Set each entry down verbatim, omitting images.

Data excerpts
----------------------------------------
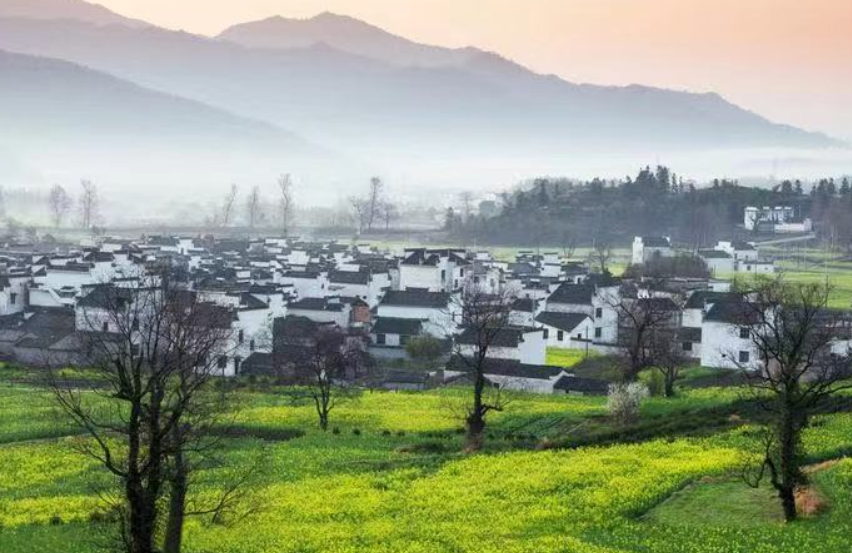 春夏季节之交——旅游拍摄江南乡村山野的油菜花开,桥边翠绿美景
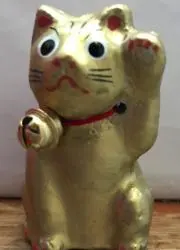 nahifumin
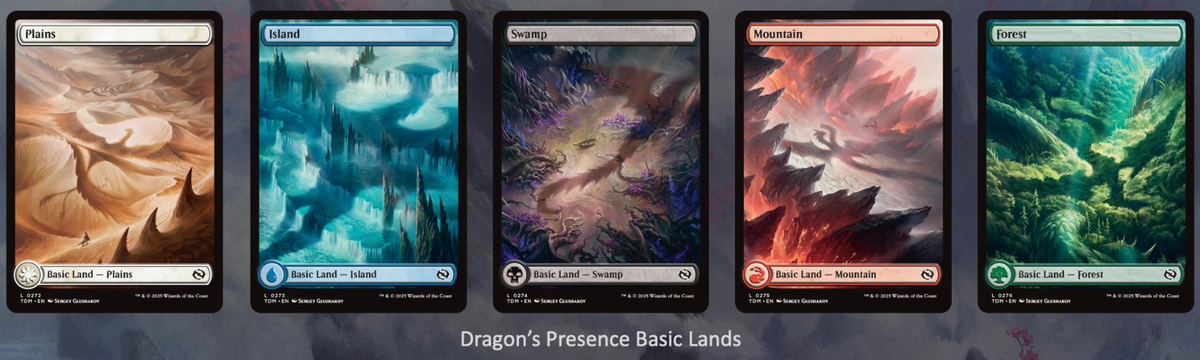 5x Foil Tarkir Dragonstorm Full Art Land Magic the Gathering MTG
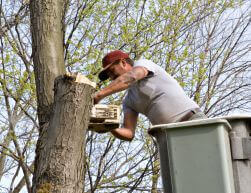 Tree Removal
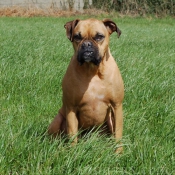 Photo de Boxer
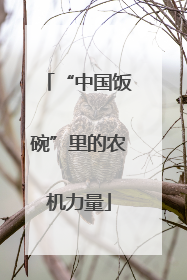 “中国饭碗”里的农机力量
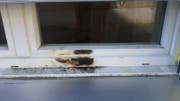 Das verkohlte Fenster. (Bild: PD)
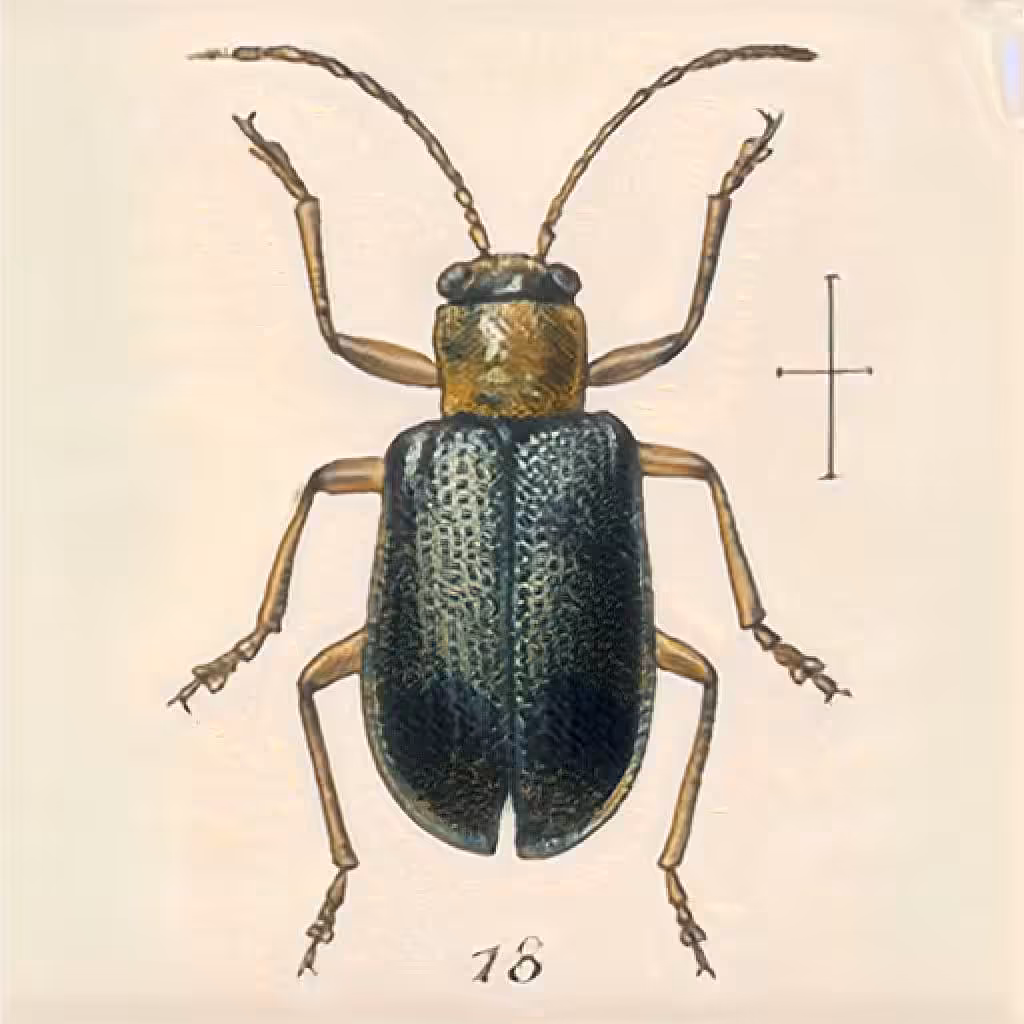 rare.bugs / RBGS_001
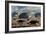 A Herd of Dinosaurs Walk Past a Flying Saucer Lodged into the Ground-null-Framed Premium Giclee Print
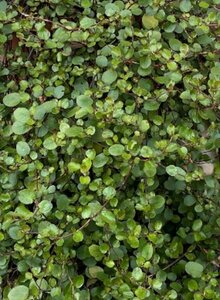 Muehlenbeckia complexa P9 - afbeelding 2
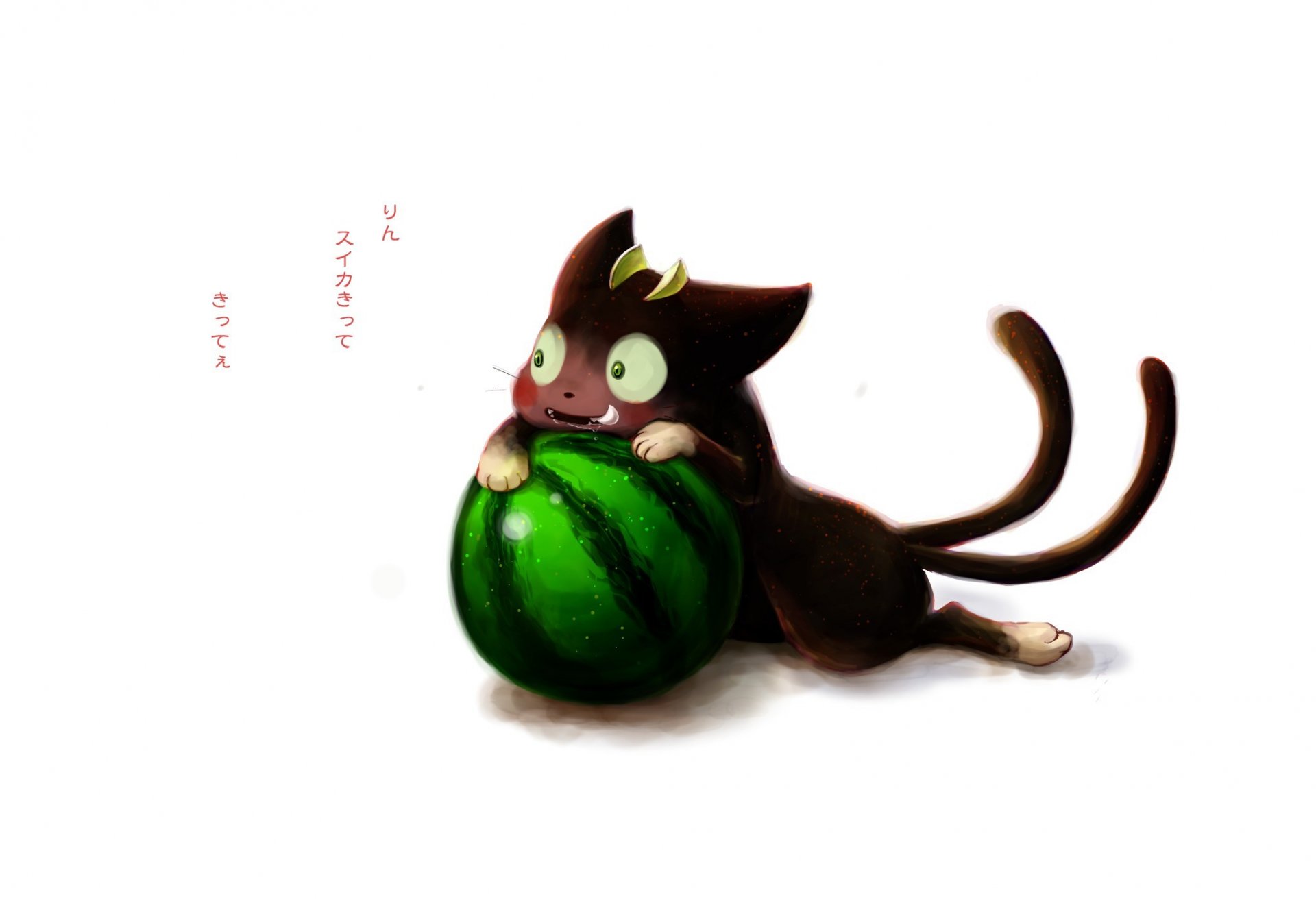 art anime ao no exorcist blue exorcist kuro cat watermelon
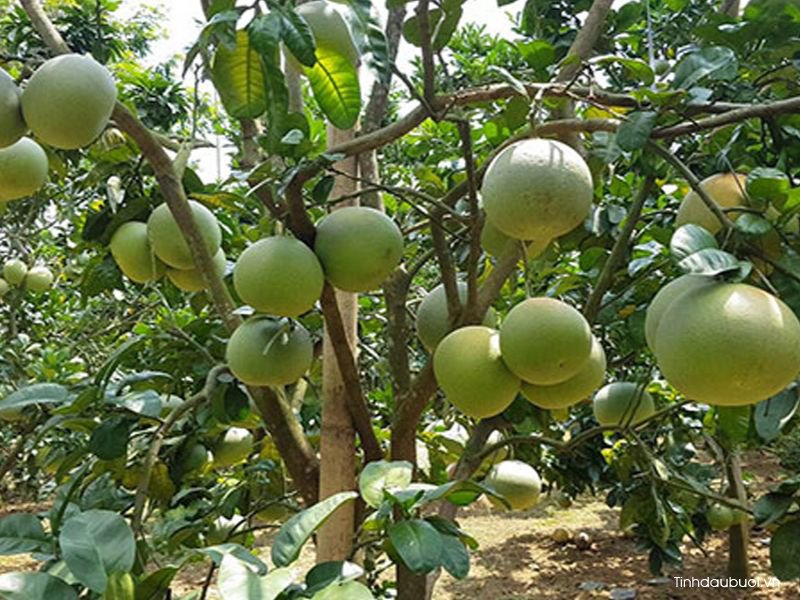 cham soc buoi vao mua mua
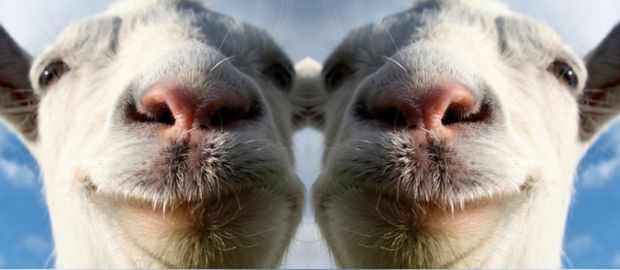 Goat Simulator dostanie tryb wieloosobowy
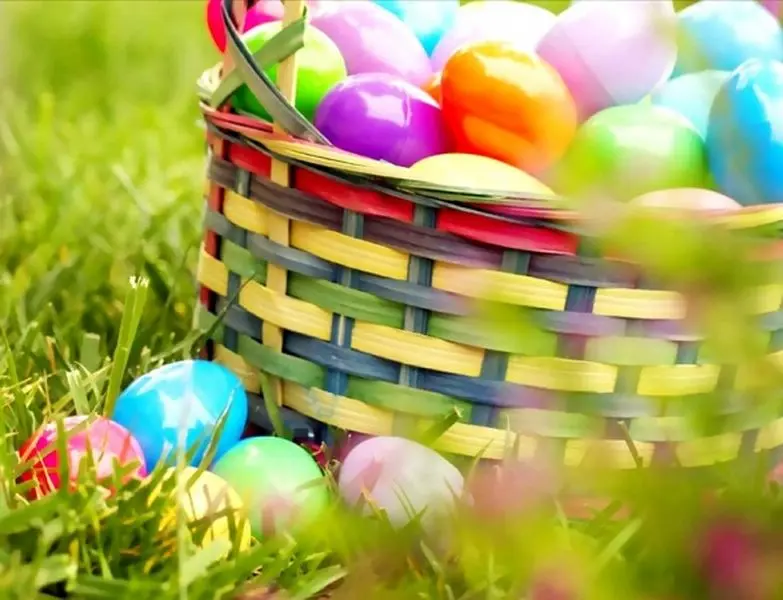 P1244656-600x460 [800x600]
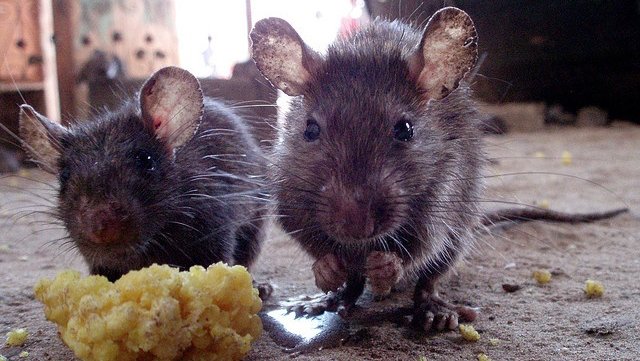 Northwest Pest Management Pest Control Service in Bellingham, WA photo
----------------------------------------
• [Finished task]
 春夏季节之交——旅游拍摄江南乡村山野的油菜花开,桥边翠绿美景
 nahifumin
 5x Foil Tarkir Dragonstorm Full Art Land Magic the Gathering MTG
 Tree Removal
 Photo de Boxer
 “中国饭碗”里的农机力量
 Das verkohlte Fenster. (Bild: PD)
 rare.bugs / RBGS_001
 A Herd of Dinosaurs Walk Past a Flying Saucer Lodged into the Ground-null-Framed Premium Giclee Print
 Muehlenbeckia complexa P9 - afbeelding 2
 art anime ao no exorcist blue exorcist kuro cat watermelon
 cham soc buoi vao mua mua
 Goat Simulator dostanie tryb wieloosobowy
 P1244656-600x460 [800x600]
 Northwest Pest Management Pest Control Service in Bellingham, WA photo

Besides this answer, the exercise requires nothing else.